In the name of God
The winner in the field of health in the first round of the KANS scientific competition
Dr. Saeed Behzadipour is a PhD graduate of the University of Waterloo, Canada and a member of the faculty of the Mechanical Engineers at Sharif University of Technology. The Secretariat of the Second KANS Scientific Competition has conducted a brief overview of their scientific and educational experiences in friendly and informal interviews, and has specifically asked questions about the product presented at the first KANS Scientific Competition. The following is the text of the first part of this interview.

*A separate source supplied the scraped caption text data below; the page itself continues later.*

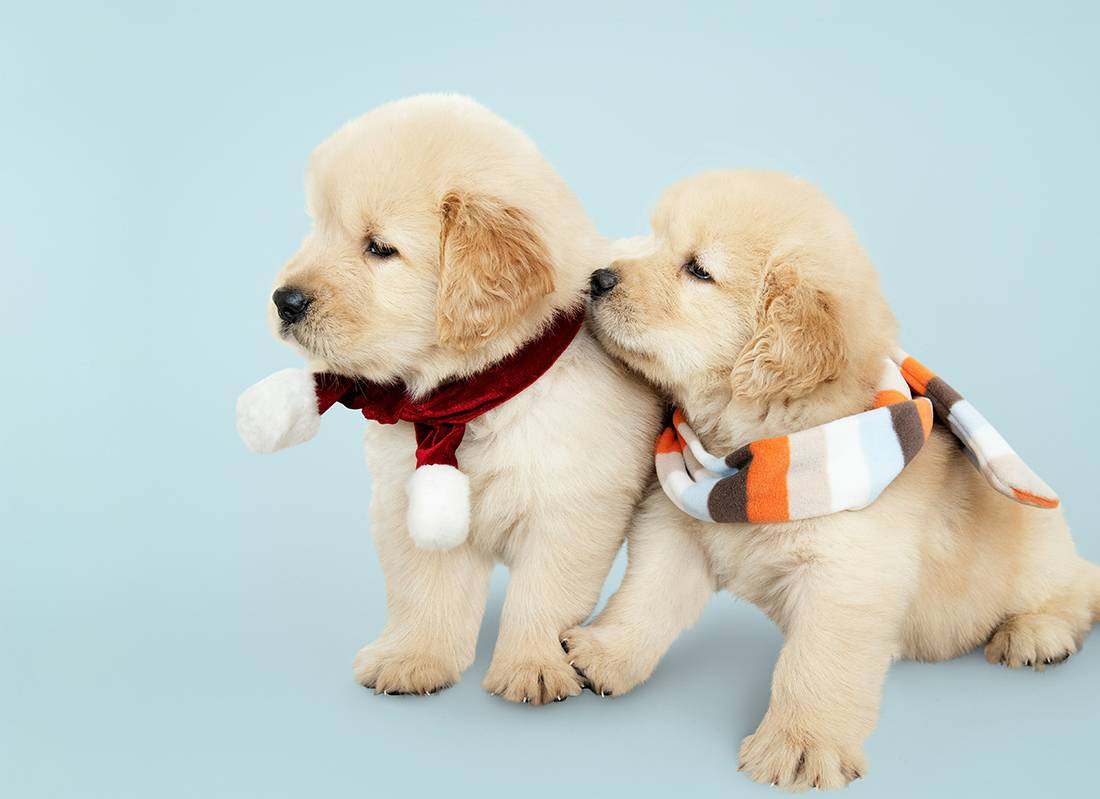 Two Dogs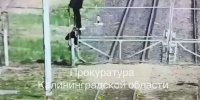 Прокуратура направила в суд дело о попытке трёх иностранцев незаконно пересечь границу в Мамоново - KaliningradToday.Ru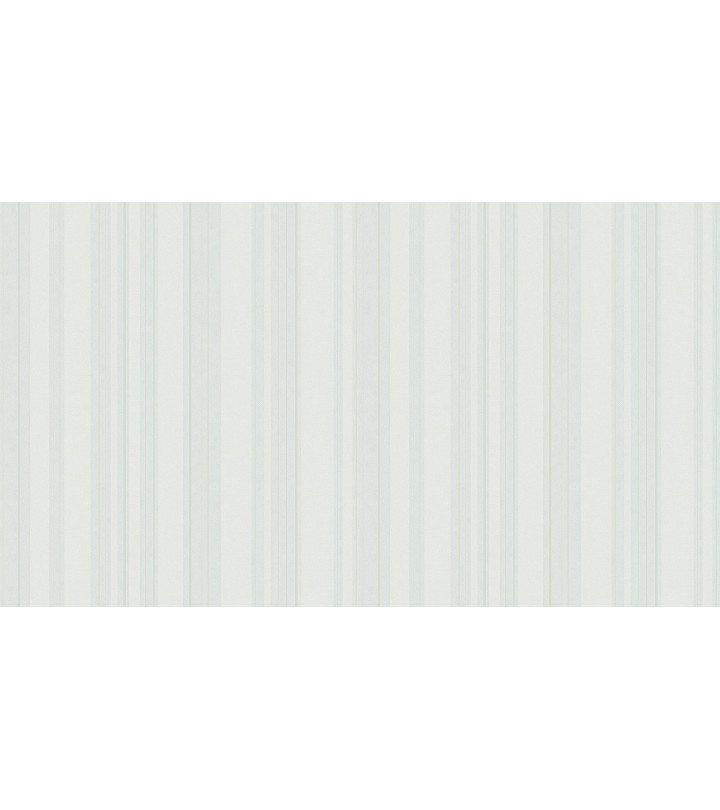 500101 (1,06)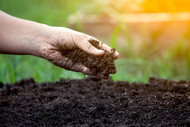 What is PAS100 compost?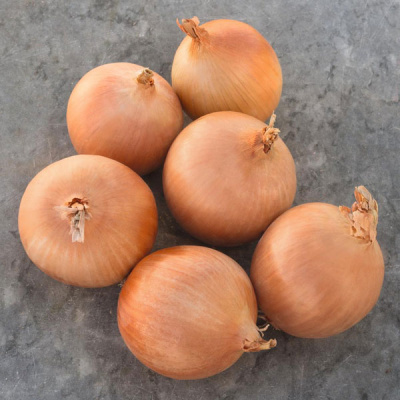 СЕДОНА F1 лук Бейо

Studying in Canada and returning to Iran
I did my PhD in robotics and industrial applications at the University of Waterloo, Canada. After that, I went to the University of Alberta in Edmonton as a faculty member. I was in this university for almost 5 years and promoted to the rank of associate professor.
During this time, I gradually became acquainted with medical robotics and was drawn to it. I started studying in the field of rehabilitation and did activities in the field of technology development to help people with disabilities.
In Canada, I had a good academic position as well as good living conditions, but from the beginning of my education in Canada, my goal was to return back to Iran. Working for my people gives a deeper meaning to my life. I also wanted to be with my family and raise my children in Iran. These two motivations led me to return to Iran in 1990 and continue my medical robotics research line at Sharif University of Technology.
External skeleton robot project for the lower limbs
Sometime after my return to Iran and my activity in the field of medical robotics, two of my high school friends, Mr. Naghipour and Mr. Havaeji, came to me with an offer. They had been involved in commercial and industrial activities for some time and came up with the idea of a lower limb robotic skeleton for people with spinal cord injury. The robot helps a person with spinal cord injury to get up from the wheelchair and walk. In other words, this technology is the future of the wheelchair, and since the person with spinal cord injury is partially restored to normal life, it has been considered and invested in several countries.
Due to my scientific background in rehabilitating the disabled and medical robotics, I welcomed their design and we entered into a team collaboration. To complete the team in the field of control engineer, Dr. Azgoli, another high school friend who had a university background, has joined us and the project of developing exoskeleton technology began.
The team was complete in terms of industrial knowledge and experience, but had a major shortcoming in order to survive, and that was the lack of fund for research and development. Businesses at the edge of technology are hardly considered by investors because of their high risk. Fortunately, our project attracted the attention of a private investor and the initial fund for research and development were raised soon. This cooperation led to the formation of the “Pedasys” a Knowledge-Based Company, consisting of 4 of us and, of course, a number of elite students from “Tarbiat Modares University” and “Sharif University of Technology”.
After the formation of the company, working on the exoskeleton robot began and after a year of effort and activity, a prototype of the robot was produced which we named it “Exoped”. Exoped is worn like a garment and attaches to the thighs, legs and around the pelvis. These garment can be controlled by the operators provided to the disabled person. With the help of this robot, a person with a spinal cord injury can get up from the wheelchair and walk.
After making the prototype, the work continued and after a few months, a second version that could be tested on the patients was made and the experiments began under the supervision of therapists.
By successfully passing the initial tests, clinical trials of the device were started, during which the safety and effectiveness of the robot had to be confirmed. Clinical studies have posed many challenges and unforeseen issues. For example, patients should be satisfied with the use of the device; Various permits had to be obtained, such as the ethics committee, Doctors and therapists had to understand the robot and be willing to cooperate and use it. All of this made clinical studies have high logistical complexities, which greatly increased the cost and development time .
For example, the General Directorate of Medical Equipment, which had to issue a standard for this product, had difficulty in determining evaluation indicators due to lack of previous experience in similar products. After many delays, we were asked to test the robot on 100 patients to determine the usefulness of the device. It is easy to say 100 patients, but in addition to the cost, it required a lot of patience and perseverance; Because using this device, like a vehicle, required a lot of training and exercises and each patient needed at least 10 sessions of intensive training.